**INPUT MATERIAL**
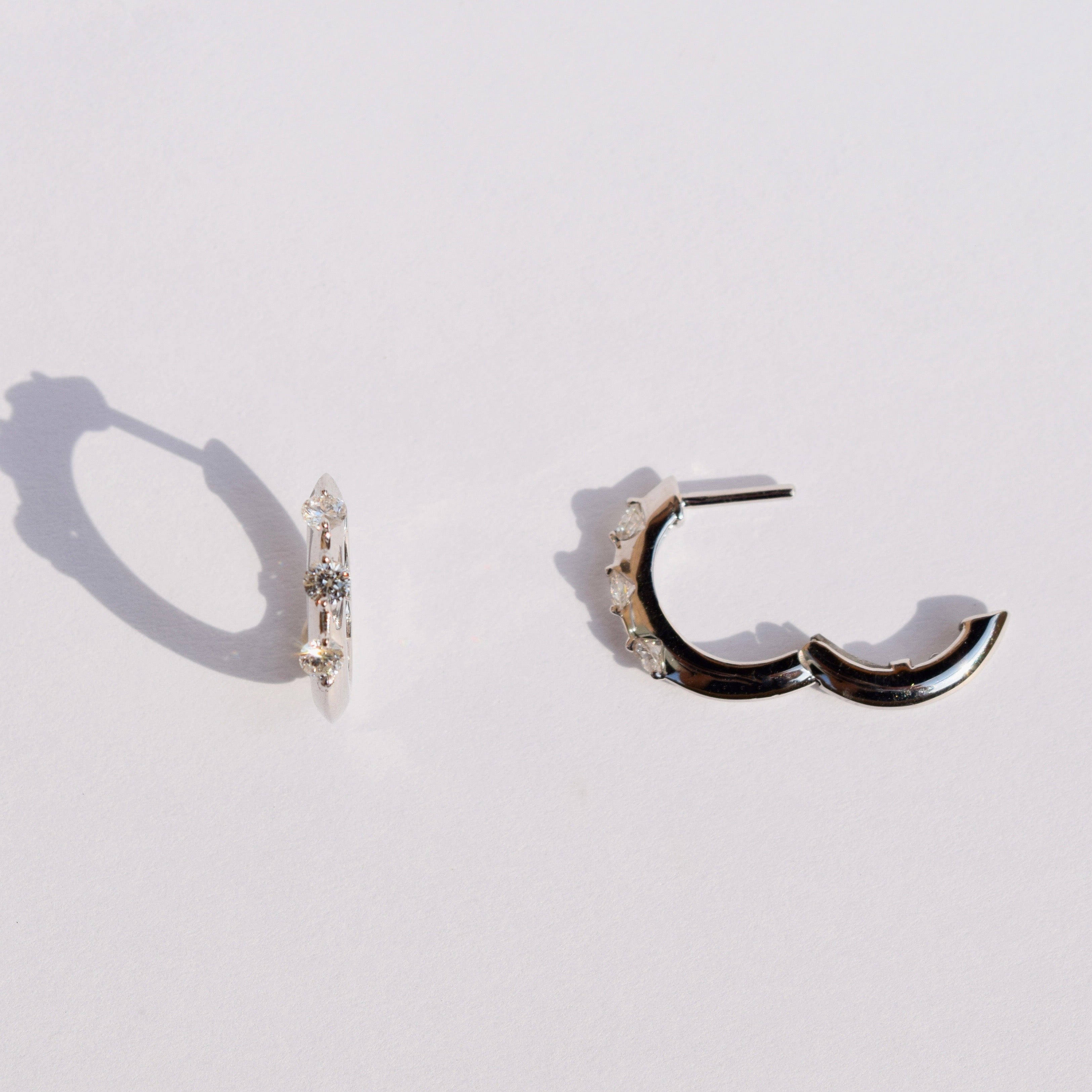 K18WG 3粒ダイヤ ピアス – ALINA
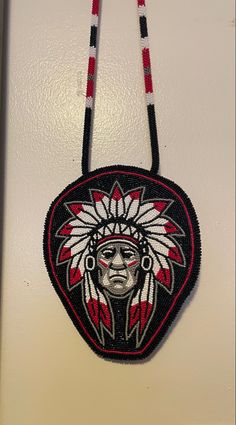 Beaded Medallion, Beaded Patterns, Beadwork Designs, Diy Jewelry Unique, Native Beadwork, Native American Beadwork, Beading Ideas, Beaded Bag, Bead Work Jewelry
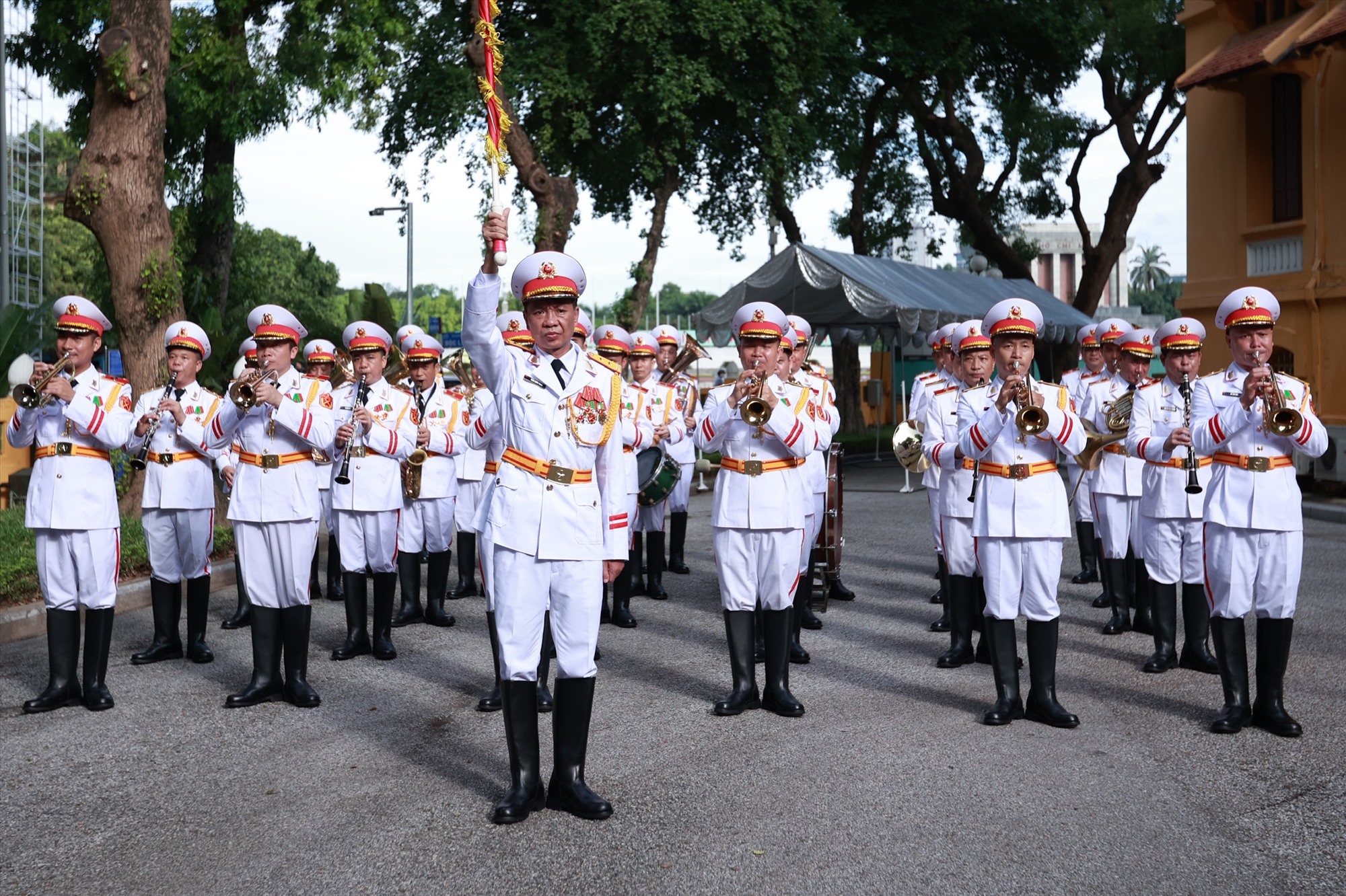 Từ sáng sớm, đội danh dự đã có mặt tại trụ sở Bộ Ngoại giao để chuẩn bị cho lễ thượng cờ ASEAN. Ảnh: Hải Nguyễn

* * *

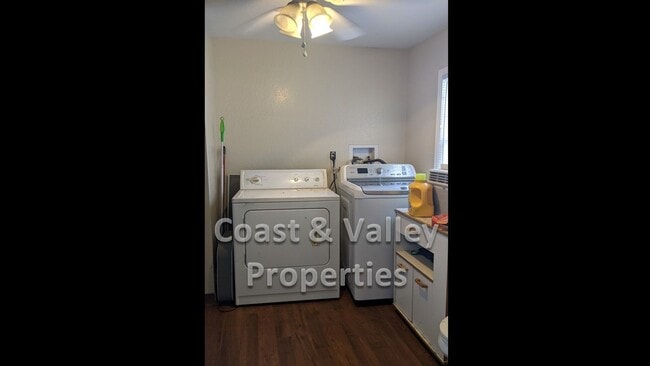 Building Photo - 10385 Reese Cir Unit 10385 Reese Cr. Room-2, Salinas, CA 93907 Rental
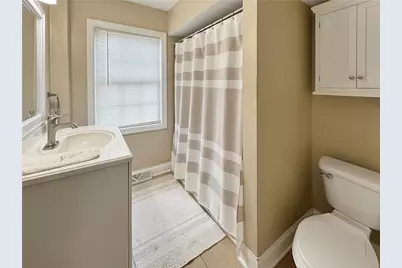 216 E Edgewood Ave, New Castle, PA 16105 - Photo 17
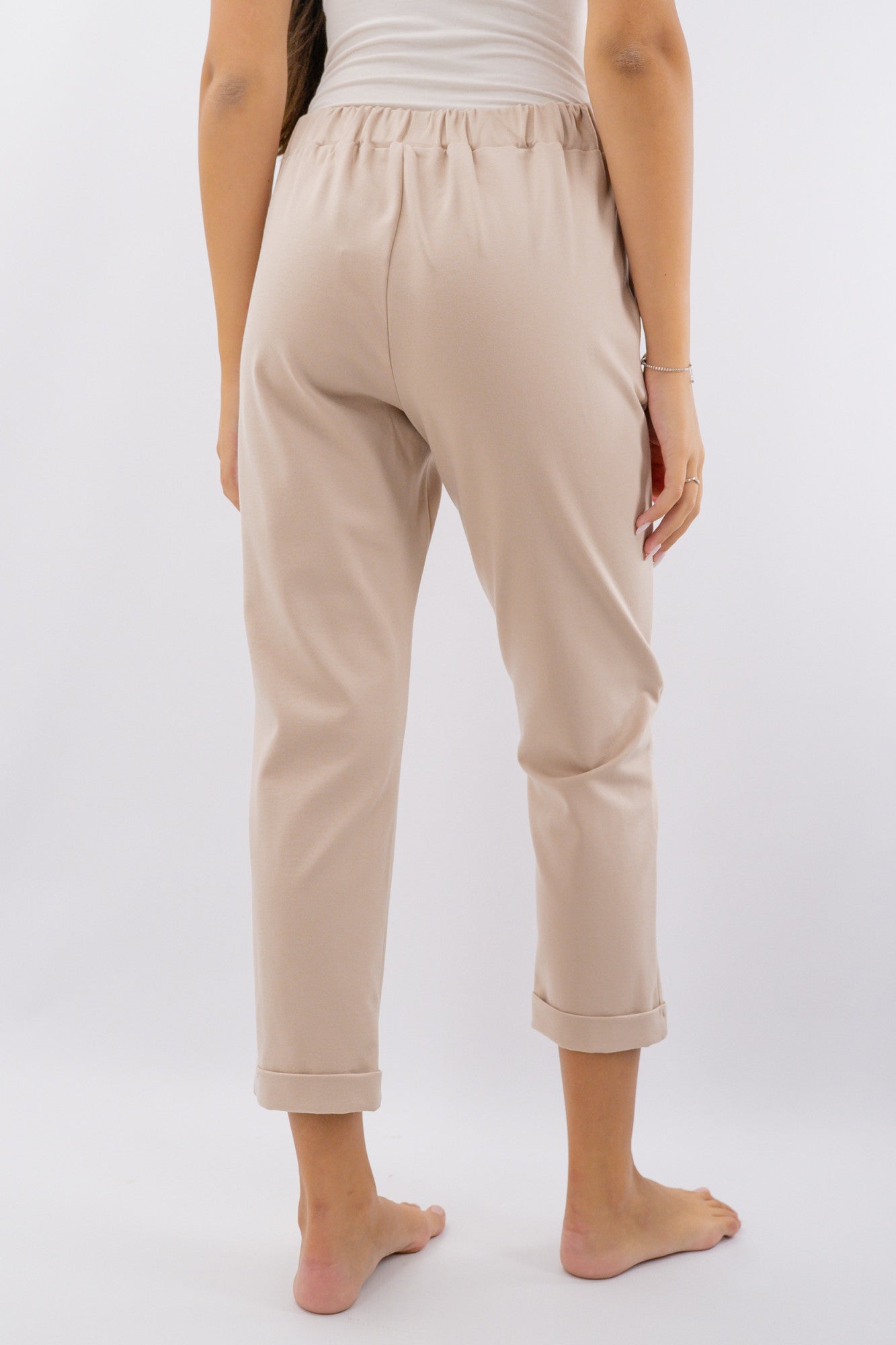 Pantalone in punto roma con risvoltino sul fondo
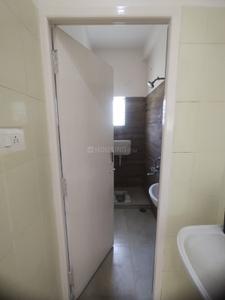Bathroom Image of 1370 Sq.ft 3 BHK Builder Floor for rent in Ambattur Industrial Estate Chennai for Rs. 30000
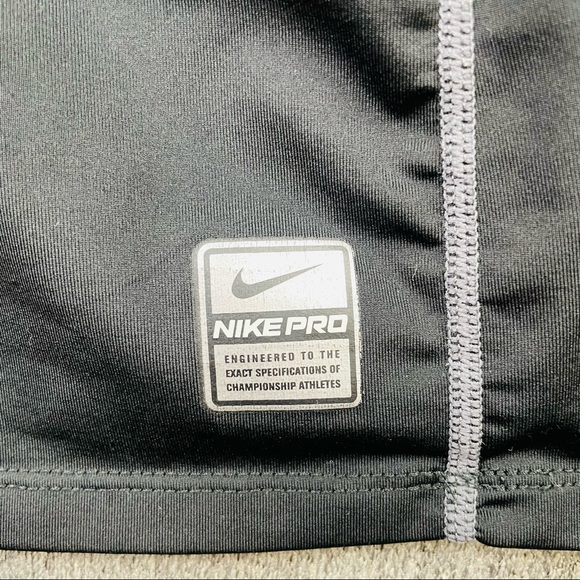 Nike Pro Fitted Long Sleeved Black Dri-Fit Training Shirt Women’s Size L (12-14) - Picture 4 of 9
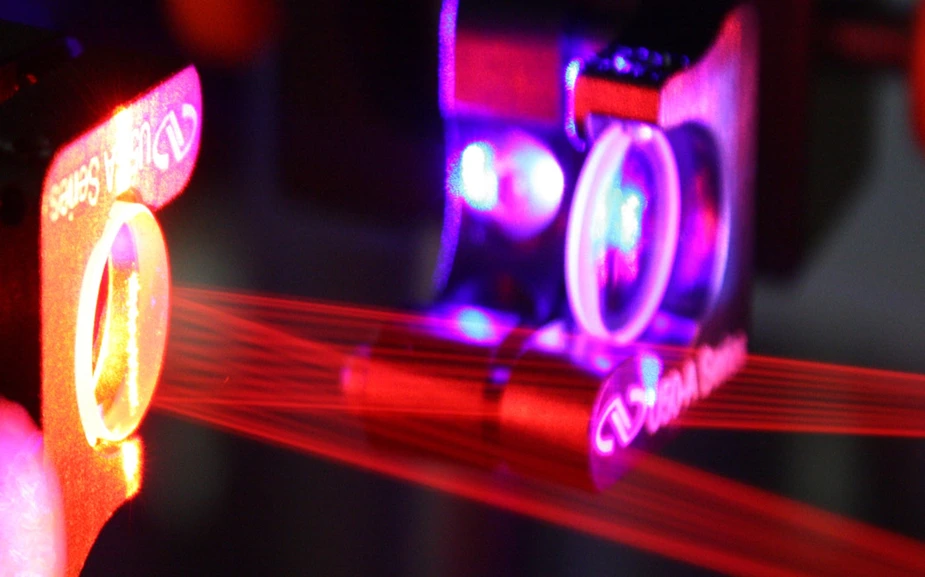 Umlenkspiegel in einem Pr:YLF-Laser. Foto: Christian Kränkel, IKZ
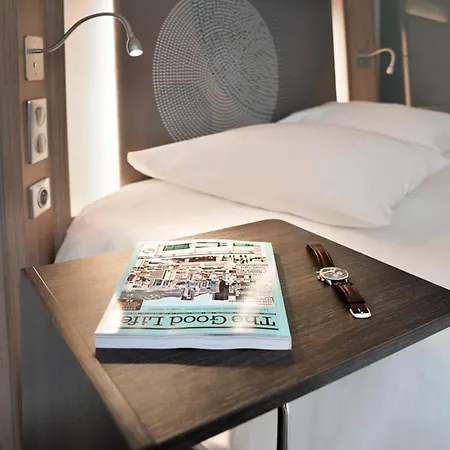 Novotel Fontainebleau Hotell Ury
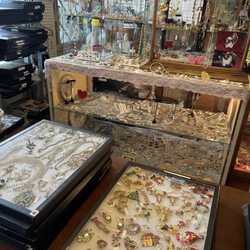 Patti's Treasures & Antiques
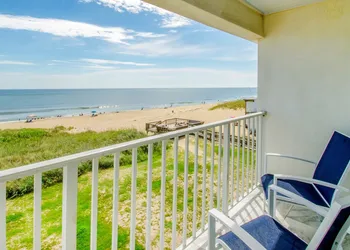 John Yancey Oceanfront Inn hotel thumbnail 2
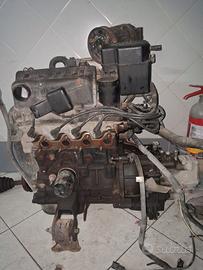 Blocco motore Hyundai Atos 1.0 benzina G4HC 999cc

--

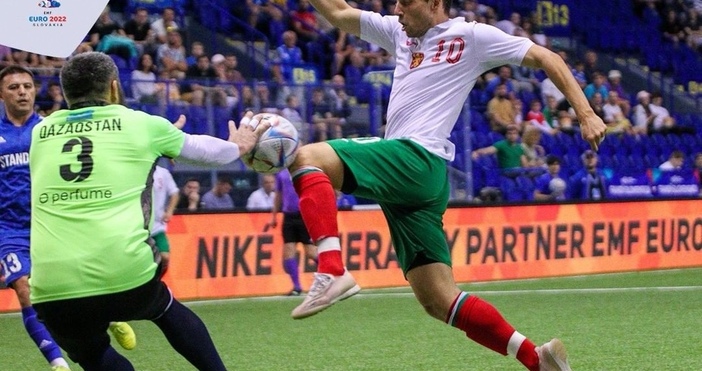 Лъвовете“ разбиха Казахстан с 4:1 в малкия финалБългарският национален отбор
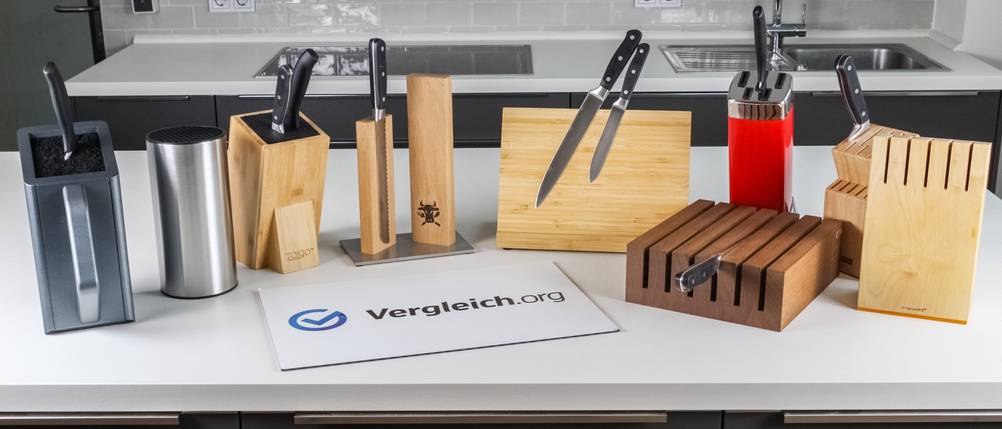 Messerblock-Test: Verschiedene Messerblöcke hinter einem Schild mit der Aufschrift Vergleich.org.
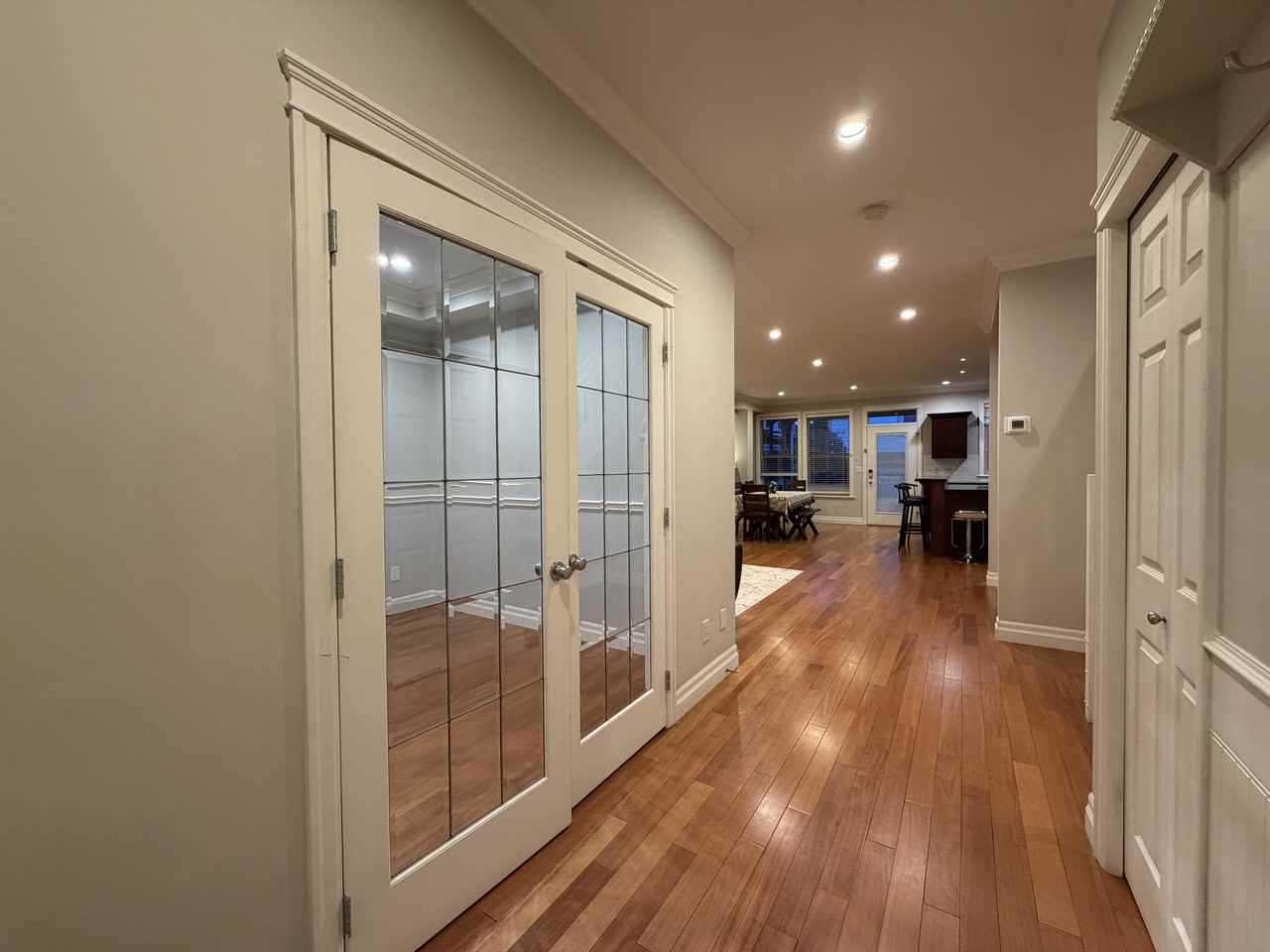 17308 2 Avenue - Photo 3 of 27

**WORK INSTRUCTIONS**
Beginning with the line holding "Umlenkspiegel in einem" in the material above, restate word for word each line through the line holding "Blocco motore Hyundai", and exclude pictures.

**TASK SOLUTION**
 Umlenkspiegel in einem Pr:YLF-Laser. Foto: Christian Kränkel, IKZ
 Novotel Fontainebleau Hotell Ury
 Patti's Treasures & Antiques
 John Yancey Oceanfront Inn hotel thumbnail 2
 Blocco motore Hyundai Atos 1.0 benzina G4HC 999cc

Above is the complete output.